Most of us have some experience in our professional and private lives of operating with the cloud, and ideas around terms such as ‘big data’ are becoming more familiar. The potential impact of Hadoop – an emerging method for storing and processing vast amounts of data across many distributed nodes – is probably still one step beyond most people’s knowledge, but together these approaches to extracting useful information from very large, unstructured data sources are likely to begin affecting the way we live our lives and the way we do business in the not too distant future.
The potential impact on the passenger experience enabled by increased knowledge about his or her preferences and past behaviours has been a hot topic recently; targeted promotions, better and more timely updates and tailored travel experiences have all been excitedly discussed. However, this is to potentially overlook a more fundamental area of the airport’s operation that could benefit from a smarter use of data. The biggest single factor in customer satisfaction is not free Wi-Fi, not personalised advertising, not access to a self bag-drop service, but simply an on-time departure. The airport that consistently delivers this has a competitive edge.
Real-time analytics is now available to support this.

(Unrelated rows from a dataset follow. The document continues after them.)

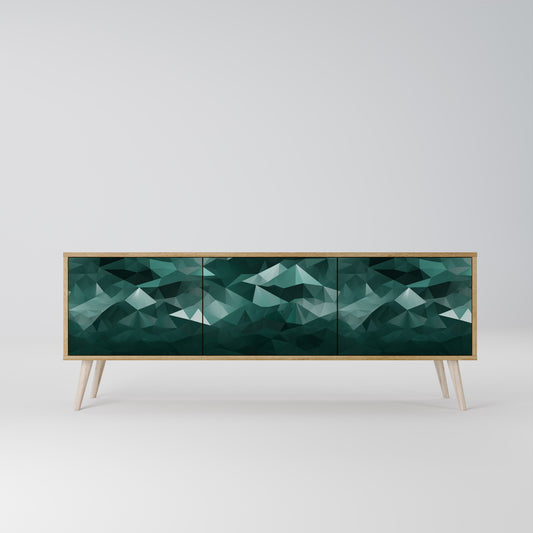 POLYGONAL FLOATING 3-Door TV Stand in Oak Effect
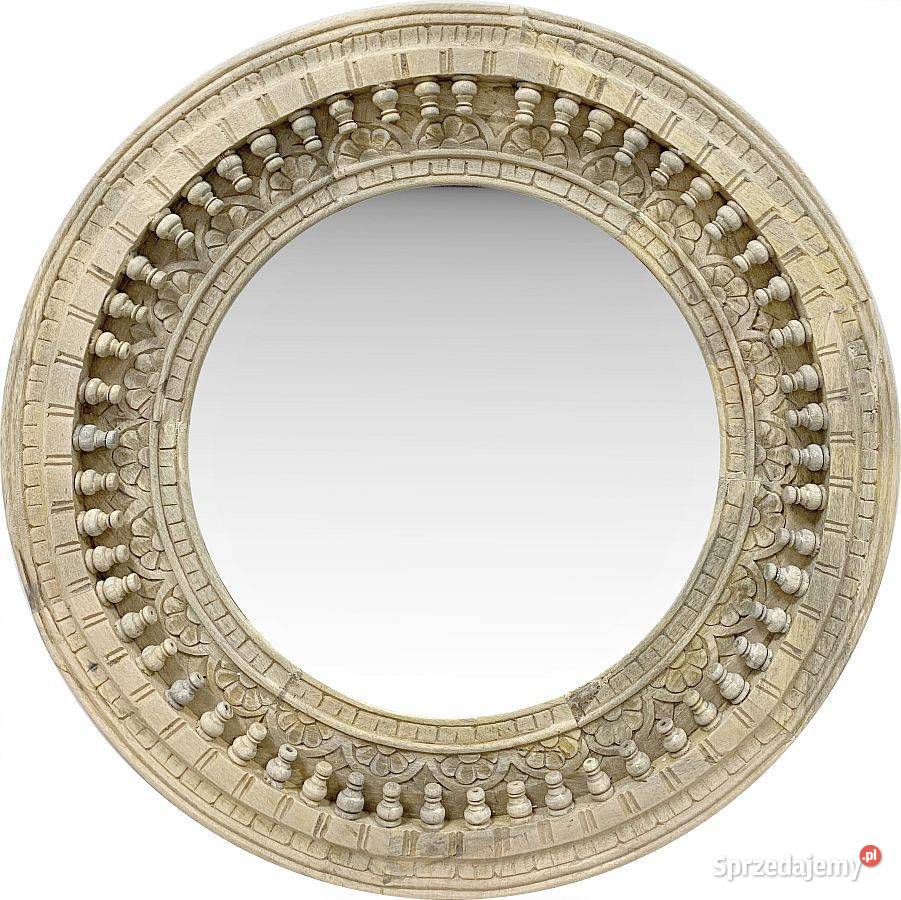 Drewniane ozdobne okrągłe lustro mango rzeźbione Lublin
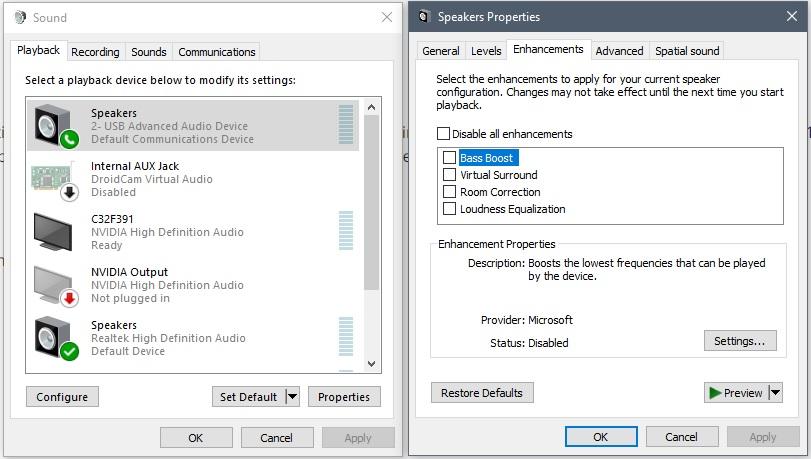 Windows 10 Default Audio Equalizer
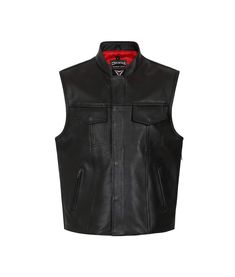 The Reyes vest is expertly crafted from premium-grade, full-grain cowhide leather, offering both strength and luxury. Designed for durability, this sturdy leather vest features a secure zip and popper stud front fastening, ensuring long-lasting wear. With expandable zipped sides, you can easily increase the vest's width by up to 4 inches, making it perfect for layering over your gear. Inspired by the iconic 'Sons of Anarchy' style, the Reyes combines rugged appeal with the high-quality craftsman Biker Style Vest Outerwear For Biker Events, Biker Style Vest For Biker Events, Black Leather Vest For Motorcycling, Black Leather Motorcycle Vest, Moto Vest For Biker Events In Fall, Outdoor Leather Vest With Pockets, Moto Style Vest For Biker Events In Fall, Sleeveless Leather Outerwear For Biker Events, Sleeveless Leather Jacket For Biker Events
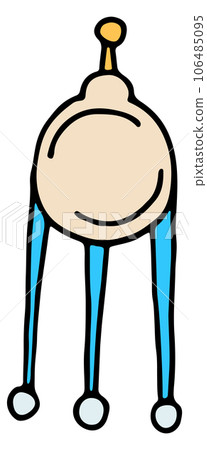 Retro spacecraft doodle. Soviet planet satellite icon Retro spacecraft doodle. Soviet planet satellite icon 106485095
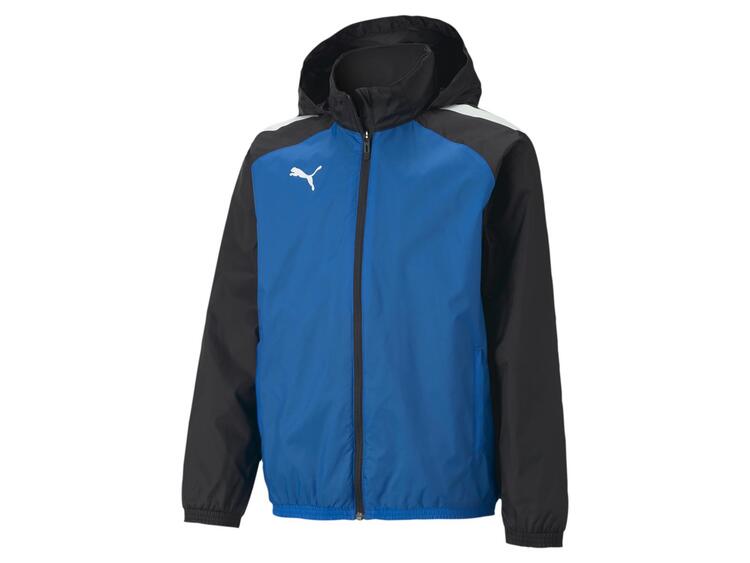 puma teamliga all weather jkt jr 657246 electric blue lemonade puma black gr 116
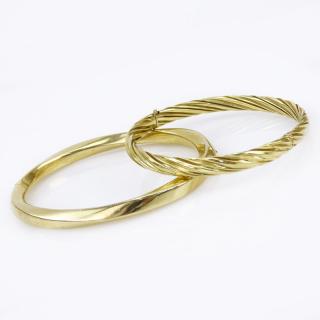 Appraisal: Vintage Karat Yellow Gold Rope Style Hinged bangle Man's Cartier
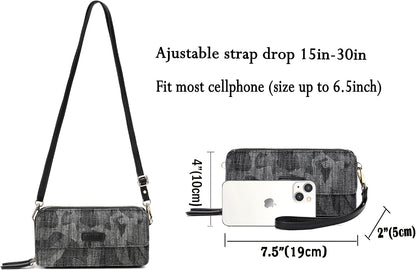 Lanyani RFID Crossbody Wallet Wristlet Purse with Phone Pocket For Women Vegan Leather - Colors B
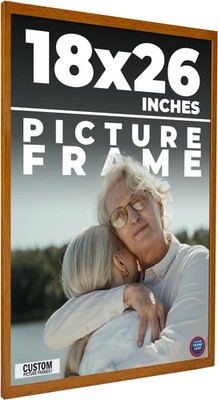 18x26 Honey Brown Real Wood Picture Frame Width 0.75 inches | Interior Frame Dep
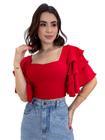 Cropped Blusa Feminina Manga Curta Babado De Amarrar Duna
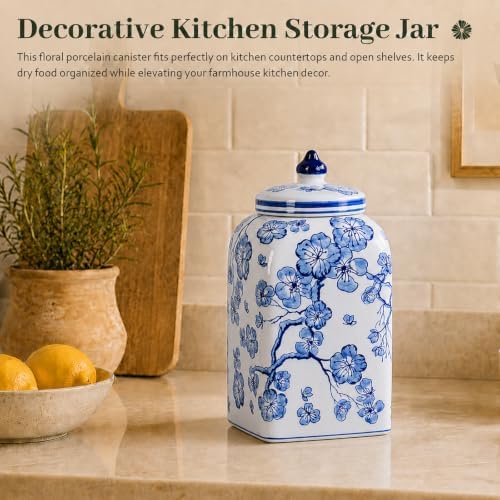 12.5" H Ceramic Kitchen Canisters for Countertop, Tea & Coffee Bean Storage Canister with Airtight Lid, Blue and White Chinoiserie Decor Ginger Jar for Home Decor, 155 fl oz - Plum Blossom - Image 7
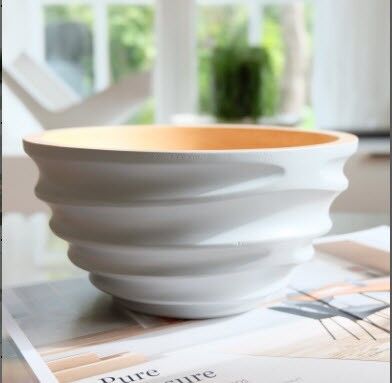 Ciotola in legno - portafrutta - insalatiera - modello Twist - grigia - M (Øxh) 20cm x 10cm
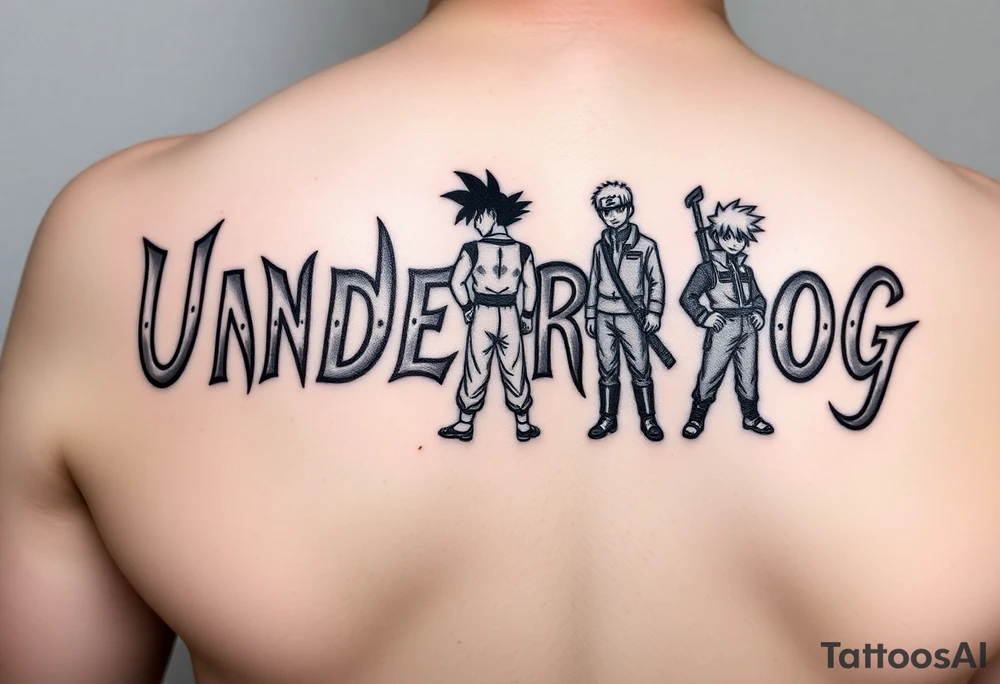 the word underdog in a cool font with 3 anime characters Goku ippo and Naruto one standing in the middle one standing on the right and one standing on the left
 on a shoulder tattoo idea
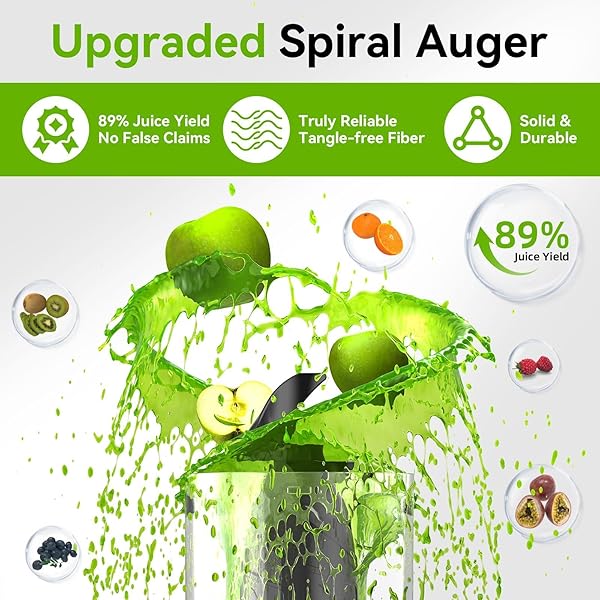 COLD PRESS JUICER, SLOW MASTICATING JUICER MACHINES FOR WHOLE VEGETABLE AND FRUIT, 4.3″ FEED CHUTE, BPA FREE, QUIET EASY CLEAN JUICER TO UNLOCK FRESH & NUTRITIOUS JUICES(BLACK)
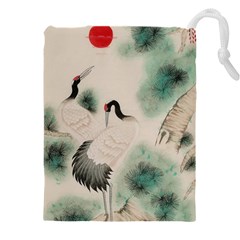 Japanese Crane Painting Of Bird Drawstring Pouch (4xl) by Cendanart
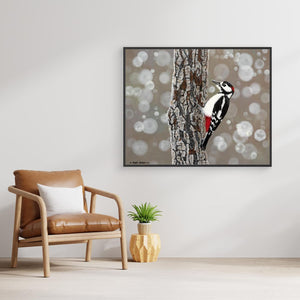 Woodpecker pause - canvas print from original acrylic painting - Cairngorm Artists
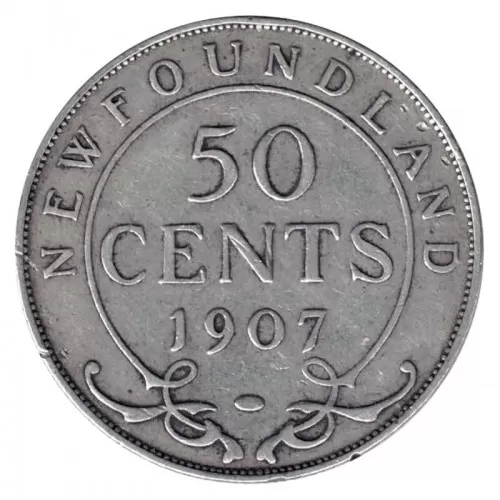 1907 Newfoundland 50-Cent Half Dollar Silver Coin (VG or better)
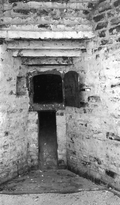 Close-up of door and ash pit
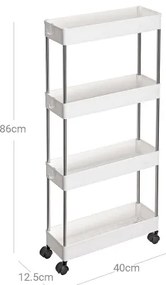 Cărucior de depozitare pe roți MARGE, alb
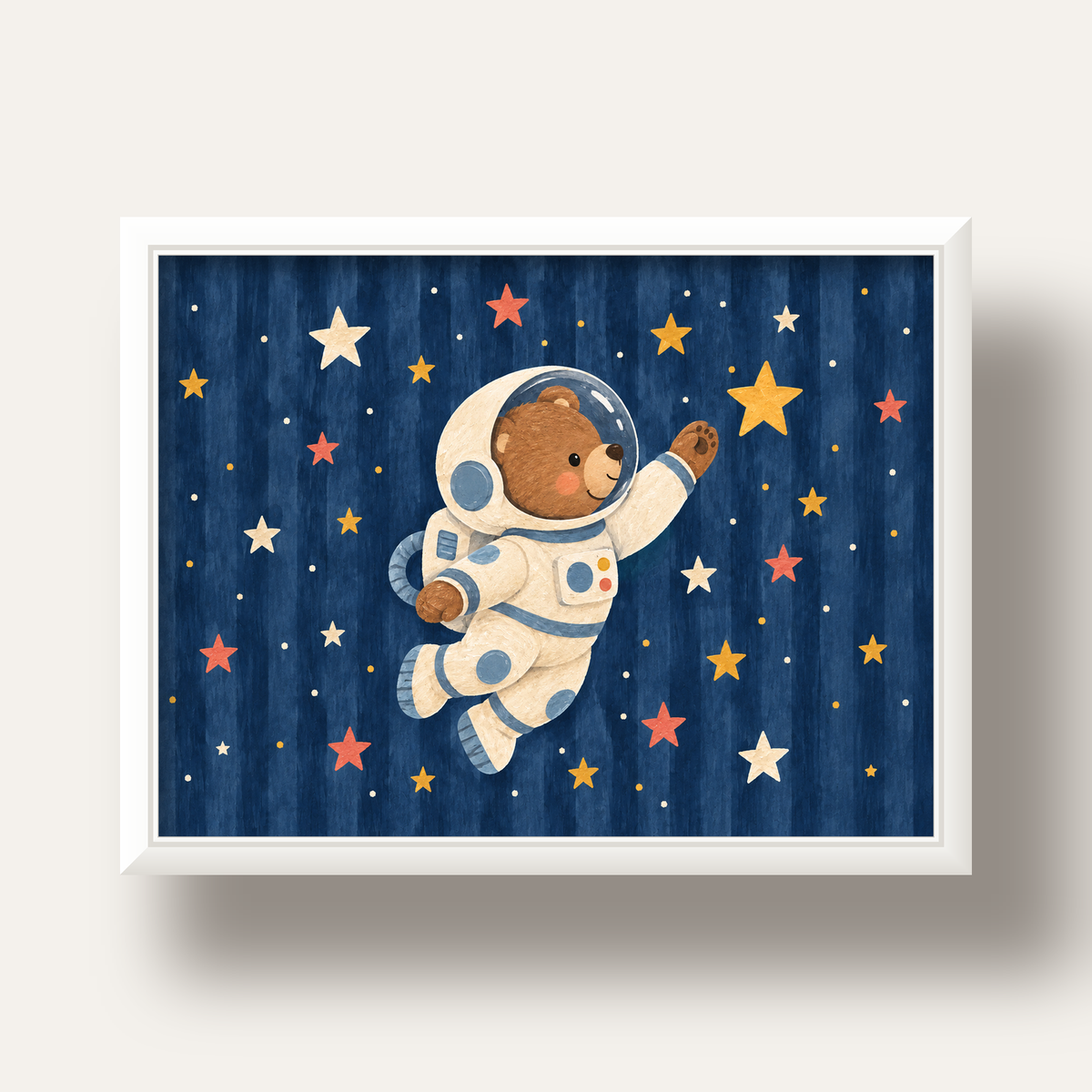 Astronot Ayıcık ve Yıldızlar Pastel Dijital Poster — beyaz derin çerçeveli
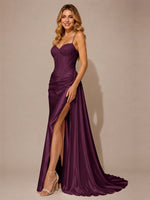 Silk-like Prom Dress with Appliques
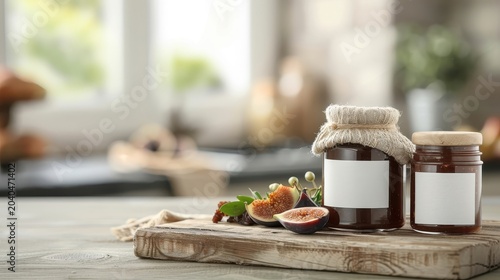 A rustic wooden cutting board with a variety of fig-based products.
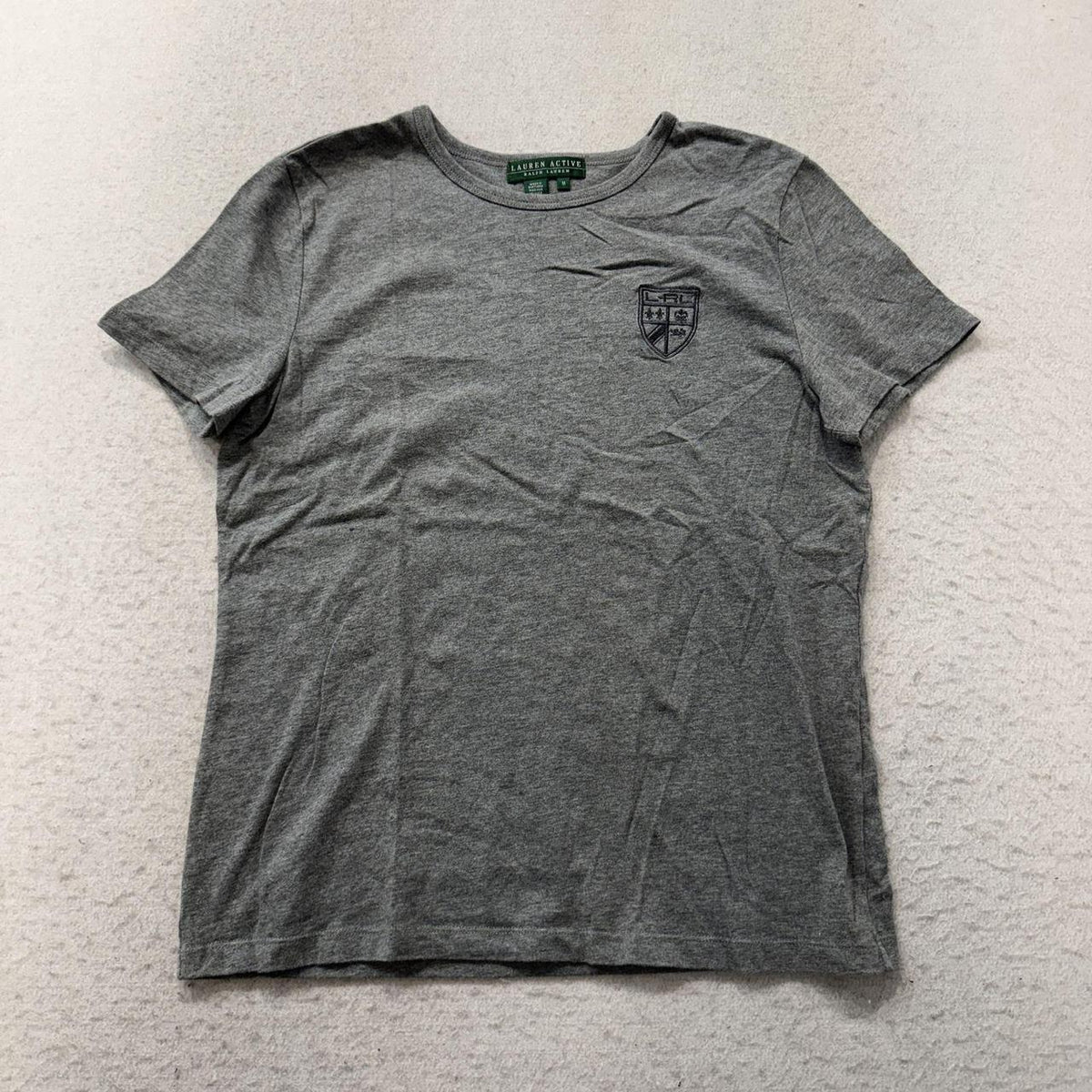 Vintage Y2K 2000's Women's Lauren Active Heather Grey Boxy Tee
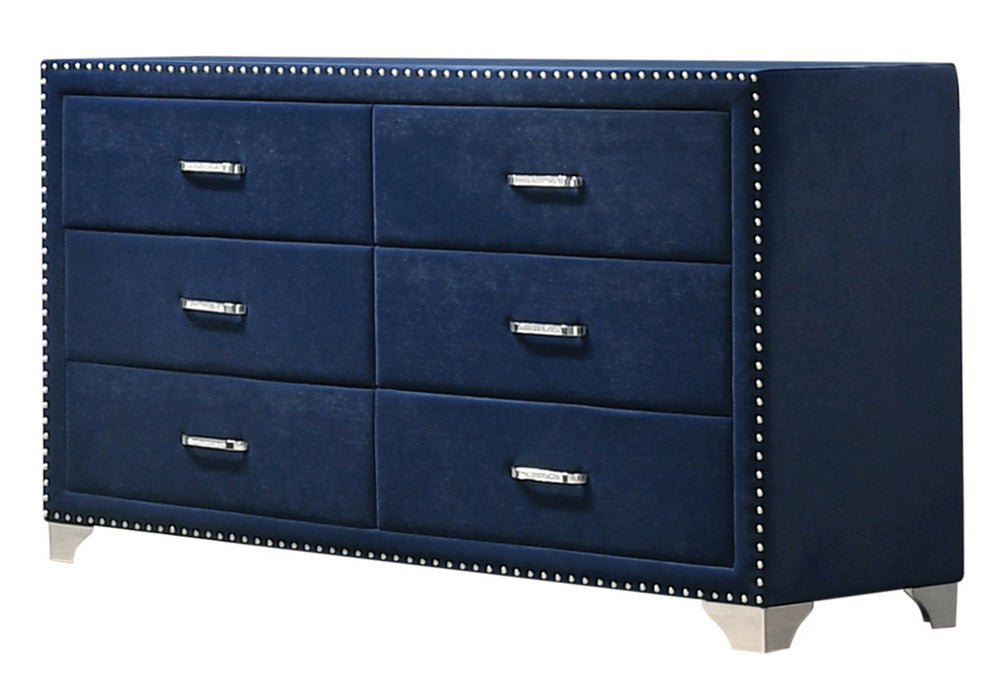 Melody Pacific Blue Velvet 6-Drawer Dresser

Taking live data feeds from disparate systems such as airport operations databases, A-SMGCS and electronic flight strips, it is now possible not just to perform historical analysis, but to present a rich, accurate and easily digestible picture of up-to-the-minute airport performance.
The benefits of ARC Analytics
The Northrop Grumman Airport Realtime Collaboration (ARC) Analytics capability is built on the same architecture as the A-CDM product, and so is intrinsically designed for real-time data harvesting and presentation.
What ARC Analytics adds is a powerful layer of intelligence and customisation, drawing out accurate and operationally critical metrics from the data mass and presenting them in a form that meets users’ needs and environment, whether that be in the form of detail for the desk-based analyst, or clear and business-relevant KPIs for senior management.
Placing analytics directly into the hands of decision-makers is potentially transformational. A noon review meeting will have accurate data on the morning’s performance – delay numbers and lengths, taxi times, on-time departures -information that enables a rigorous appraisal of the operation and, critically, can inform planning for the rest of the day.
Though ARC Analytics may use some big data principles, it does not necessarily take a big operation to benefit from it. Being naturally scalable and flexible with the number of data sources and the amount of data produced, even smaller and mid-sized airports can begin to automate the production of performance reports and planning data.
Home-grown spreadsheet reports showing data from the previous week need not be the norm. Instead, analytics is fast becoming a viable operational tool.